Martin's death sent shock waves across the country and helped spark the Black Lives Matter movement.
“Trayvon Martin is one that really captured America’s attention," Yvette Lewis, president of the Hillsborough County NAACP said.
Trayvon Martin is certainly not the first, and sadly not the last, unarmed black person killed by a gunman, but the teen's death marked an important point in American history and set the stage for a fight against racial injustice.
"I definitely think it was needed for the nation to cry out for a change to happen for itself," Jarvis Washington, co-founder of Black Lives Matter Restoration Polk, Inc. said.
"(Trayvon is) the person who helped us stand up and stand tall," Lewis said.
Lewis vividly remembers the immediate aftermath following Martin's shocking death.
"It sparked a fire up under everybody that justice needed to be served," she said.
"He was the impetus for Black Lives Matter," said Ben Crump, a civil rights attorney and defense attorney for Martin's family after his death.
The nationwide movement formed in Martin's memory to find the justice his family and other grieving African Americans desperately searched for.
Just two years later, the high-profile deaths of 18-year-old Michael Brown and 43-year-old Eric Garner gave the group further purpose, although this time it was different.
"When the videos started showing on TV, there were other people, Americans, that jumped in to say, 'Wait a minute.
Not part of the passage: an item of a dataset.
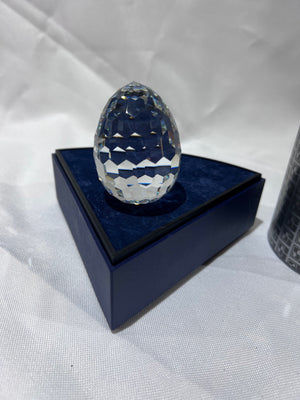 Swarovski Crystal 7458 NR 063 000 Egg Paperweight, 2.25" high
Enough is enough,'" Lewis said.
The now-infamous cell phone video of Garner's death shows New York Police officer Daniel Pantaleo putting Garner in a choke-hold. Garner is heard saying, "I can't breathe," before losing consciousness and later dying from suffocation.
“Cameras are important in any situation when it’s violence or injustice or just disagreements," Washington said.
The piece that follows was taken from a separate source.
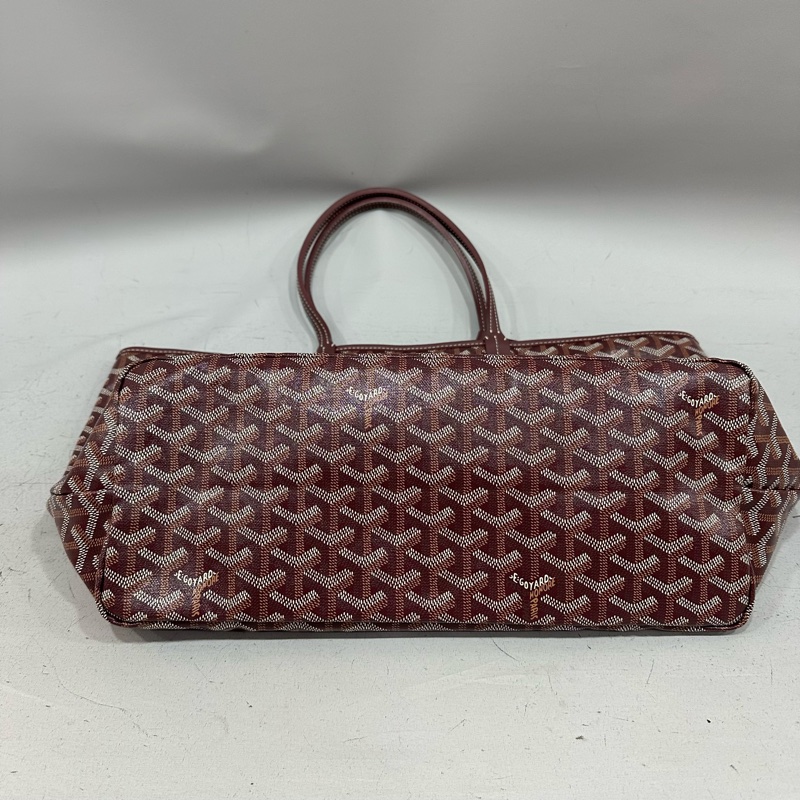 Goyard 老花紅白波浪托特包 子母包-4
“It is video evidence that has changed the perspective of so many people and brought light to some of the things that have occurred," said ABC Action News legal expert Jeff Swartz.
Swartz said the video of Garner's death and other similar camera phone footage, like in the death of George Floyd in 2020, is the ultimate decider in the court of public opinion, but Swartz warns it does not always completely depict what happened.
“It really doesn’t give us the full perspective, but it does make its way on to the air and it does find its way into people’s brains and that’s what they see," he said.
However, in the court of law, video from surveillance cameras, police body cameras, or a cell phone is enough to seal the fate of the defendant on trial one way or the other. Swartz said video of Floyd and Ahmaud Arbery's deaths were all a jury needed to see, and if there were videos of Trayvon Martin's death, Swartz said the same would ring true.
"If there had been video in that case, we would've either had no charges at all or we would've had a conviction. One or the other," he said.
"It really makes that much of a difference?" an ABC Action News reporter asked.
"It makes that much of a difference in that case," Swartz responded.
A difference born form the difference Martin first made a decade ago. The fight for racial justice and police transparency lives on in Trayvon's name.
“Trayvon has brought many things to light and we’ve made progress, however, we must always remember it is a journey to justice," Crump said.